Poi tutto finì, abbandonò la stanza, poi la struttura; Cosimo era avvezzo, avrebbe pensato a tutto, come sempre.
Lui adesso aveva bisogno di stare da solo . Solo: perduto nei ricordi, nei segreti e nel suo vizio abominevole. Quell’infezione orrenda che aveva ereditato per amore di Veronica.
*****
Tatiana, alias, Marta Todi, uscì allo scoperto, prese le foto dalle mani di Cosimo e gli consegnò quei documenti per lui tanto preziosi.
I riflettori dalle volanti si accesero. Corrado prima restò atterrito, ma poi capì: stavolta era finita. Avrebbe voluto morire… ma era troppo tardi.
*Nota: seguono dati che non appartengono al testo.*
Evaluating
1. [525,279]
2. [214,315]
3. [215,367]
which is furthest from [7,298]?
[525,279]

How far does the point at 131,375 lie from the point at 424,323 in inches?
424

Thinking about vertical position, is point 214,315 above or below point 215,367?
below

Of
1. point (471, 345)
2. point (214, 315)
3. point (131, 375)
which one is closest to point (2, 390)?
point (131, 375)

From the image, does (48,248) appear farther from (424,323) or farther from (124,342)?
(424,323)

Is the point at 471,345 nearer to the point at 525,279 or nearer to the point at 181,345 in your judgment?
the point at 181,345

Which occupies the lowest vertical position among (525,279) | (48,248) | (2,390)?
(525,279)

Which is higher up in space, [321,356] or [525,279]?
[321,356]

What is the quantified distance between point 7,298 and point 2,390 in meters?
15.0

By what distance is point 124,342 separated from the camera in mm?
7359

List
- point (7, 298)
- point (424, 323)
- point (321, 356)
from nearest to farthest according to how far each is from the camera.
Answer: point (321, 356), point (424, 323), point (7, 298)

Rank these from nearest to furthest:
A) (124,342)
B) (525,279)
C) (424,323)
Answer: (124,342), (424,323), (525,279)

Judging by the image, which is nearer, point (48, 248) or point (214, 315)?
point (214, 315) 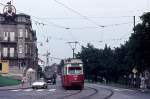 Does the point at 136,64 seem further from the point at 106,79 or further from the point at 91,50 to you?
the point at 91,50

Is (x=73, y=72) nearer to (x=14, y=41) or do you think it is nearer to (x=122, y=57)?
(x=122, y=57)

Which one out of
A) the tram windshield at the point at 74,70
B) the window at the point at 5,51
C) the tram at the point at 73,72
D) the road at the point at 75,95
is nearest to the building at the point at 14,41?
the window at the point at 5,51

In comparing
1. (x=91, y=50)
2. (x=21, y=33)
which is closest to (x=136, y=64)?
(x=21, y=33)

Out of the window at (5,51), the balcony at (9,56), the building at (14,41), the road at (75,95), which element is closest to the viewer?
the road at (75,95)

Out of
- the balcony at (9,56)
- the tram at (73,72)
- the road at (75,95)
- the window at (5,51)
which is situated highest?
the window at (5,51)

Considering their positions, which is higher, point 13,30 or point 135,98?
point 13,30

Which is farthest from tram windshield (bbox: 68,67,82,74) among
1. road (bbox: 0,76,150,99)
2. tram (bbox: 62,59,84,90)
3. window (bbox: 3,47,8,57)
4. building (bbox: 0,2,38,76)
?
window (bbox: 3,47,8,57)

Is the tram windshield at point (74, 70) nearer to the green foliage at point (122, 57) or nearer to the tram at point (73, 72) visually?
the tram at point (73, 72)

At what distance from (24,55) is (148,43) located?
4825 cm

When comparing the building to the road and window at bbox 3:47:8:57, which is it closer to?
window at bbox 3:47:8:57

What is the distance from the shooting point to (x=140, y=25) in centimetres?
6062

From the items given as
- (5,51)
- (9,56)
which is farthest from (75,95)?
(5,51)

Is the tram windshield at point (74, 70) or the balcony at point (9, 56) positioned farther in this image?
the balcony at point (9, 56)

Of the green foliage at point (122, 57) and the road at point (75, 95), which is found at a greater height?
the green foliage at point (122, 57) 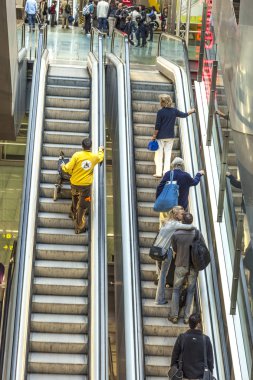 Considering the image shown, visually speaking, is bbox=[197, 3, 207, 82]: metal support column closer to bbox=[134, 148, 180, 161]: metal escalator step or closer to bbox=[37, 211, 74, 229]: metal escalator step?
bbox=[134, 148, 180, 161]: metal escalator step

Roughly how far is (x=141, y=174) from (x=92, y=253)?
2300 mm

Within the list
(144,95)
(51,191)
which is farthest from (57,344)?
(144,95)

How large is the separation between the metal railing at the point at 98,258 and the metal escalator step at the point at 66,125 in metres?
0.47

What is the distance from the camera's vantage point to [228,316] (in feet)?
41.2

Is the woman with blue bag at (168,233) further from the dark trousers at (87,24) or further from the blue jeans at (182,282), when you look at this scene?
the dark trousers at (87,24)

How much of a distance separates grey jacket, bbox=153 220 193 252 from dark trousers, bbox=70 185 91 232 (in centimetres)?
219

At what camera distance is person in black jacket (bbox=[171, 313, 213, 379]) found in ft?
36.5

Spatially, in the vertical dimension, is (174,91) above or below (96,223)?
above

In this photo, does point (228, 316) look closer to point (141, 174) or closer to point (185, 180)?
point (185, 180)

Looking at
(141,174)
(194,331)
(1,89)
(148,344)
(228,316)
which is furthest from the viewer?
(1,89)

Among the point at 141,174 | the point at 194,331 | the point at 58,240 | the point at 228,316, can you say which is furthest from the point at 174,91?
the point at 194,331

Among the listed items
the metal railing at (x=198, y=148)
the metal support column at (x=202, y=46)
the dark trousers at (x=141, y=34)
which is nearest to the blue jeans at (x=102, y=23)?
the dark trousers at (x=141, y=34)

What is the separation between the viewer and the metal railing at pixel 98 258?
12914mm

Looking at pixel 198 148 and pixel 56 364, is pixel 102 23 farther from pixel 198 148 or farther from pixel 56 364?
pixel 56 364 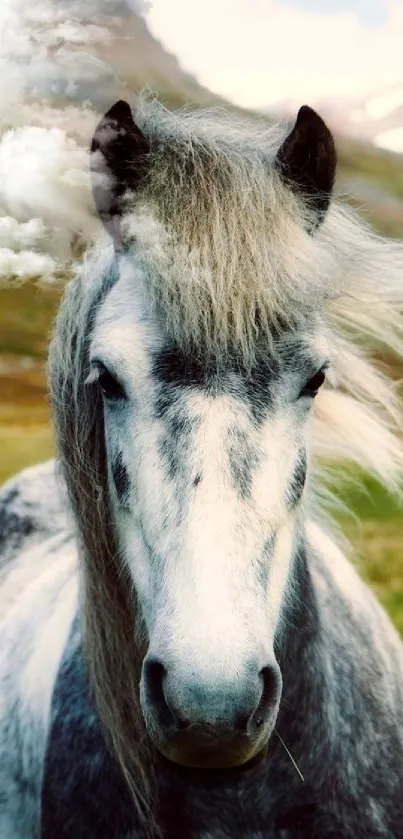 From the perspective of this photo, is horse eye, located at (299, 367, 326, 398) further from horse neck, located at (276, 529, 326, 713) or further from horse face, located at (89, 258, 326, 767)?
horse neck, located at (276, 529, 326, 713)

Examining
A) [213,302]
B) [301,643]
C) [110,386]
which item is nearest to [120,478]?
[110,386]

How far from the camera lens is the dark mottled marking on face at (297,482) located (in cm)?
87

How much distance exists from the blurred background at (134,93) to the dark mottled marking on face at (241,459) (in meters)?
0.56

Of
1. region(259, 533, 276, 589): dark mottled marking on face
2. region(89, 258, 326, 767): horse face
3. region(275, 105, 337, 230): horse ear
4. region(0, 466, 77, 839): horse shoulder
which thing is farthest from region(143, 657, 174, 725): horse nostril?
region(275, 105, 337, 230): horse ear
Un agente lo stava già ammanettando, ricordandogli a bassa voce i suoi diritti.
Pochi metri oltre vide Tatiana, e capì tutto il meccanismo della trappola. Ma non maledì nessuno, nonostante la sicurezza, nonostante il prestigio, sentiva che, prima o poi lo avrebbero beccato!
Marta Todi richiamò l’attenzione del suo dirigente:
– Questa è la terza, sig. Pretore: abbiamo tutto, foto e registrazione! Cinque anni di sacrifici spesi bene.
Si appoggiò al cofano di una volante. Chiese una sigaretta; le mani tremavano di rabbia repressa.
Era la prima volta che fumava in vita sua, ma nessuno ebbe il coraggio di rimproverarla.